Der gute Mond
Buchbeschreibung
Der gute Mond - Marie von Ebner-Eschenbach - Vor vierzehn Tagen haben wir ihn zur letzten Ruhestätte begleitet: Herr Franz von Meyer, Herr Joseph von Müller und ich, Johann Ritter von Schmidt.Ja, er ist tot, der gute Mond; nun gibt es keinen Königrufer mehr, und sind wir reduziert auf einen Tapper. Einen andern Stammgast des »Blauen Raben« einzuladen, den leer gewordenen Stuhl des Freundes zu besetzen ist uns nicht eingefallen, so viele Prätendenten sich derohalber auch direkt und indirekt bei uns gemeldet und so anständige Leute es auch waren, an denen unser Städtchen überhaupt, zu seiner Ehre sei es gesagt, keinen Mangel leidet.

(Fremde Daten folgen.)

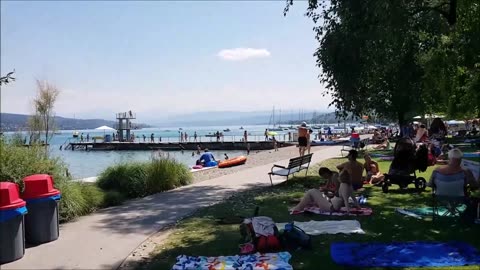 La stupenda ZURIGO in SVIZZERA tedesca(STATO EXTRACOMUNITARIO)tra i suoi parchi e spiagge sul lago e il centro storico DOCUMENTARIO il salario minimo è di 5-6000 franchi lordi,in media va dai 7-10000 franchi lordi,affitto ti chiedono anche 2000 franchi.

Der Platz, den der gute Mond durch neunzehn Jahre allabendlich drei Stunden lang eingenommen hat, ist infolge des hohen Alters seines Inhabers und des Ratschlusses der ewigen Vorsehung leer geworden und soll denn leer bleiben. Was die Erinnerung an den Verblichenen betrifft, so wird sie uns niemals entschwinden, und werden wir die Geschichte, die er am liebsten erzählte, niemals vergessen. Aber derweil sie noch frisch in uns lebt und seine Ausdrucksweise uns auch noch ganz geläufig ist, habe ich, der ich mich des besten Gedächtnisses erfreue und auch ziemlich gut in der Feder bin, es unternommen, dieselbe aufzuschreiben. Bin mir dabei wohl bewußt, daß die Hauptursache des Eindrucks, den die Geschichte auf uns machte, in dem Mangel an Übereinstimmung lag zwischen dem, was der Erzähler von sich selbst, und dem, was seine Erzählung von ihm aussagte.Kaum wird es, soweit die Erde rund ist, einen Mann geben, der sich in einer Lage wie diejenige, in welche er versetzt wurde, mit ähnlicher Selbstbeherrschung und Zartheit benommen hätte. Daß er trotzdem immer auf sein derbes und brüskes Wesen zurückkam und es ihm nie einfiel, daß er auch anders hätte handeln können, als er gehandelt hat, das eben war es, was uns jenen oben angezogenen, seltsamen und rührenden Eindruck machte.Ob dies beim Lesen in gleichem Maße der Fall sein wird, muß ich dahingestellt sein lassen; genug, daß ich mich der größten Treue in der Wiedergabe der Worte unseres Freundes befleißige.